**Input data:**
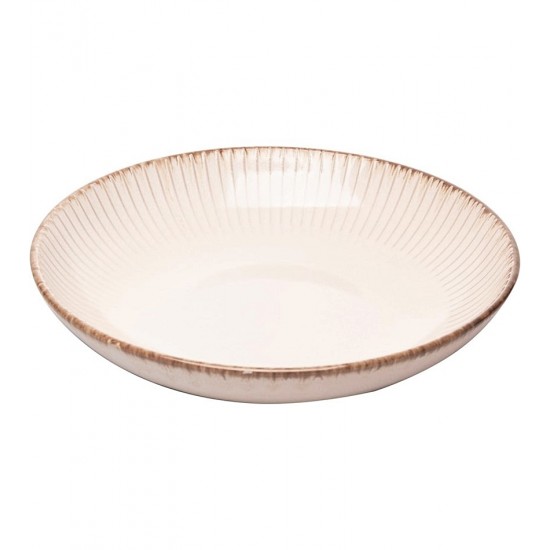 Prato 23cm Para Massa De Cerâmica Linear Branco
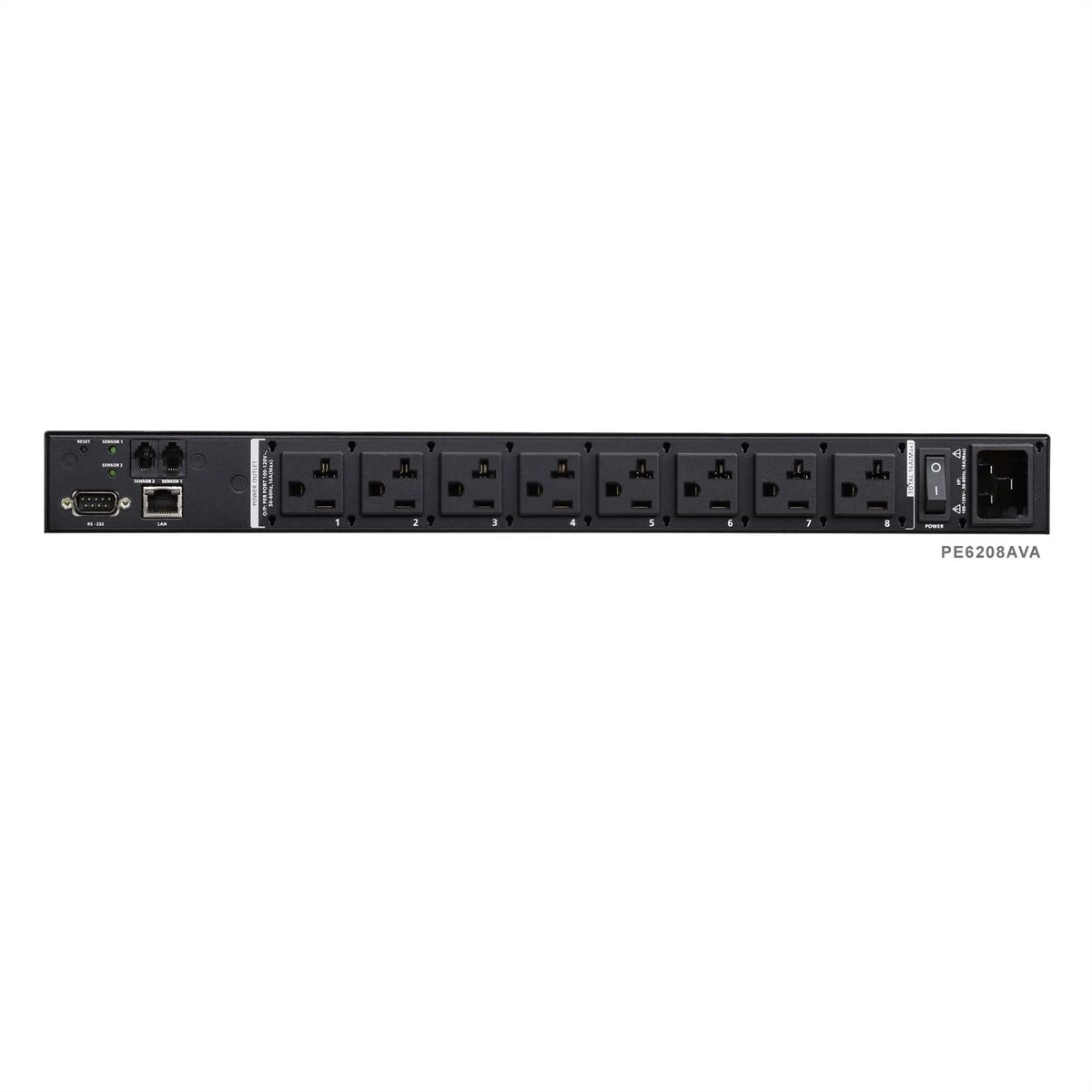 ATEN PE6208AV IP-Fernschaltsteckdose, 8 Port, 1HE für A/V Anwendungen, 8 x  IEC320 C1316A, Energiemessung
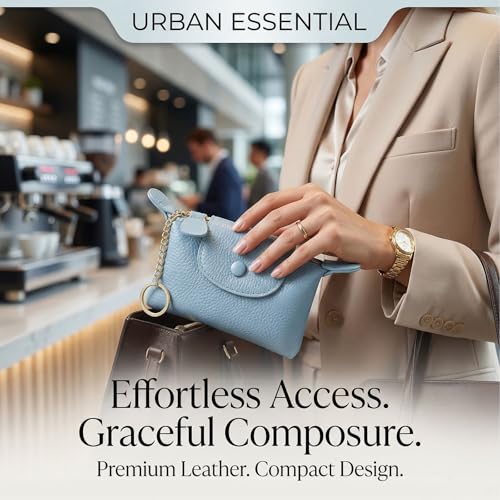 Image of Women's Genuine Leather Mini Coin Purse and Wrist Bag - Coin Organizer, Change Holder, Card Case, Zipper Storage Bag in Water Blue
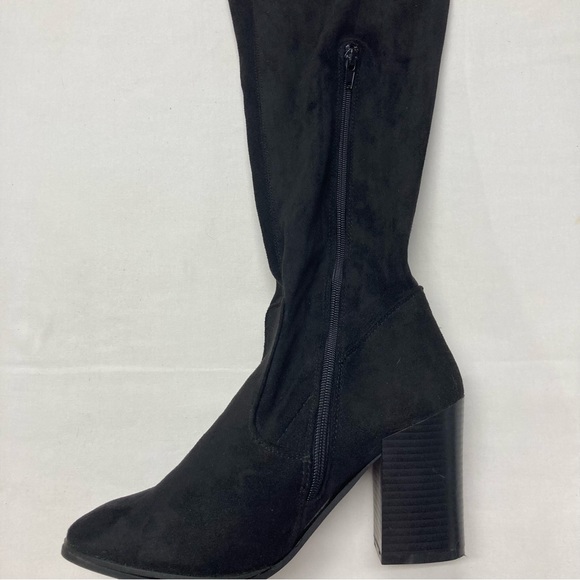 Just Fab Larken Faux Suede Over the Knee Black Boots SZ 8.5 Chunky Heel Side Zip - Picture 3 of 11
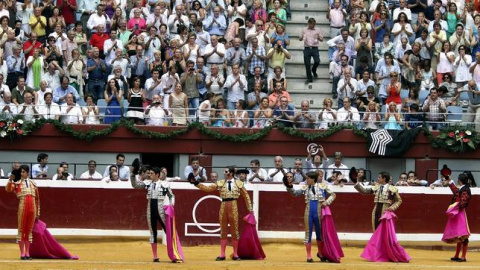 Imagen de la última corrida celebrada en el coso taurino de Illumbe - EFE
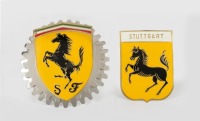 BADGES: Two modern Ferrari grille badges, measuring 8.5cm in diameter [Location: Melbourne]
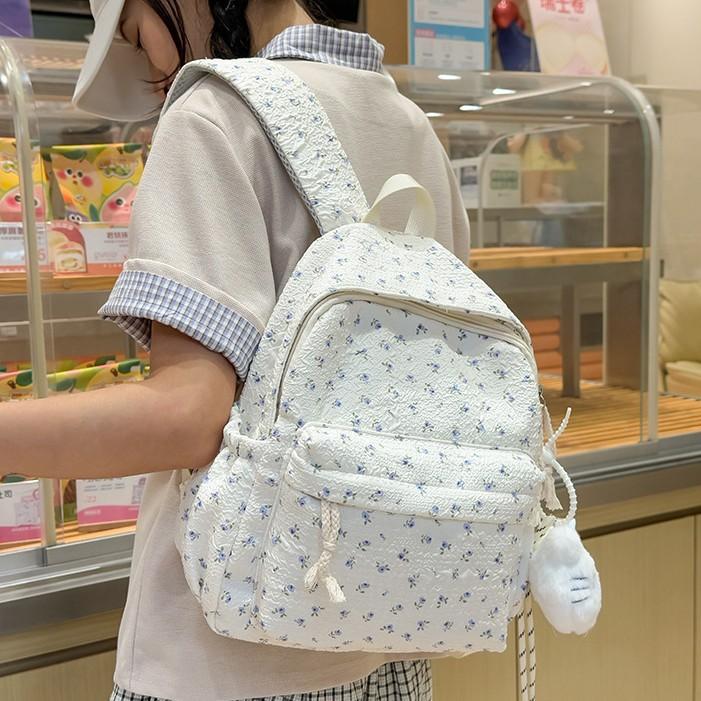 Schoolbag New Japanese Ins Style Literary Floral Schoolbag Women's High Value Fresh and Versatile Backpack Leisure Travel Backpack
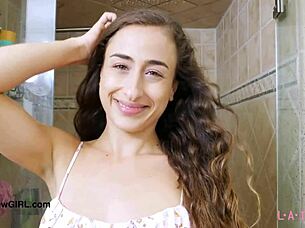 brunette model indulges in a relaxing sensual bath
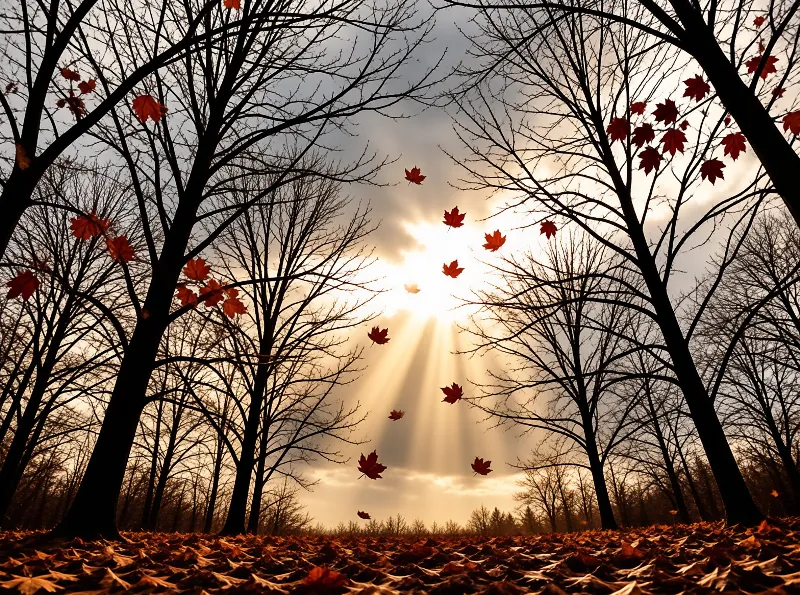 Sunlit Autumn Forest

**Task details:** Return the listing verbatim, pictures omitted.

**Exercise result:**
 Prato 23cm Para Massa De Cerâmica Linear Branco
 ATEN PE6208AV IP-Fernschaltsteckdose, 8 Port, 1HE für A/V Anwendungen, 8 x  IEC320 C1316A, Energiemessung
 Image of Women's Genuine Leather Mini Coin Purse and Wrist Bag - Coin Organizer, Change Holder, Card Case, Zipper Storage Bag in Water Blue
 Just Fab Larken Faux Suede Over the Knee Black Boots SZ 8.5 Chunky Heel Side Zip - Picture 3 of 11
 Imagen de la última corrida celebrada en el coso taurino de Illumbe - EFE
 BADGES: Two modern Ferrari grille badges, measuring 8.5cm in diameter [Location: Melbourne]
 Schoolbag New Japanese Ins Style Literary Floral Schoolbag Women's High Value Fresh and Versatile Backpack Leisure Travel Backpack
 brunette model indulges in a relaxing sensual bath
 Sunlit Autumn Forest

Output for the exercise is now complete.